A Short History of Drunkenness: How, Why, Where, and When Humankind Has Gotten Merry from the Stone Age to the Present by Mark Forsyth is 256 pages long and will be released on May 8, 2018, but is available for pre-order on Amazon.com and other online booksellers. It is exactly what it says it is and it is as witty as it sounds!
A Short History of Drunkenness starts at the very beginning of the invention or discovery of alcohol. Though there is no record of exactly when man found out about the inhibition releasing effects of fermented berries, Forsyth followed the clues and research the best he could to draft the story of early man’s drunken life. The author goes on to tell the history of the early Greeks, Romans, Chinese, Vikings and other cultures beliefs and rituals involving alcohol, and that of their Gods of beer, wine, gin and other libations.
This book follows the chronological history of intoxication from early man to American prohibition. I had hoped when I offered to review it that it would include modern day stories, like that of John Lennon getting drunk in L.A. and walking around with a sanitary napkin adhered to his head in the 1970’s, but unfortunately it did not (I’m sure if Mr.
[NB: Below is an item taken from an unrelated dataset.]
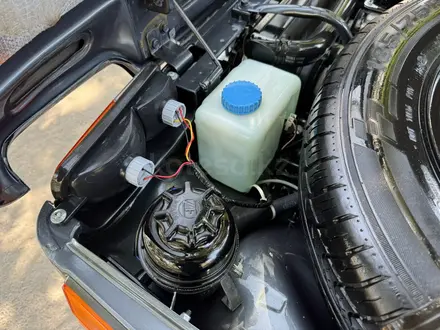 ВАЗ (Lada) Lada 2121 2020 года за 4 980 000 тг. в Алматы – фото 23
Forsyth had tried to include drunken stories of the rich and famous, the book would have been proven to be way to long!). Still, the lack of our living gods of music didn’t take anything away from this book.
The one drawback to this book is when the author (who’s born, bred and still living in London, England) breaks into a strange tirade in the last pages of the Prohibition chapter at the very end of the book:
All non-Americans agree that America is stupid. For that matter, quite a lot of Americans agree that American is quite peculiarly stupid, like an embarrassing cousin at a family wedding. American stupidity is famous, and of a quite special kind. It’s a unique sort of stupidity that allows them to put a chap on the moon…
There’s more, but I’ll let you read it. It’s a little offensive and I’m not sure why we deserved such a tongue lashing. I mean we (and by that I mean not me!) did elect a stupid teetotaling President who says and does stupid things and is hated by most of the world, but… I guess I can forgive Mr. Forsyth his discretions since the monarchy has never seemed to get over the fact that they no longer own the colonists! And for that reason…
I rate this book, 3 out of 4 Beetles!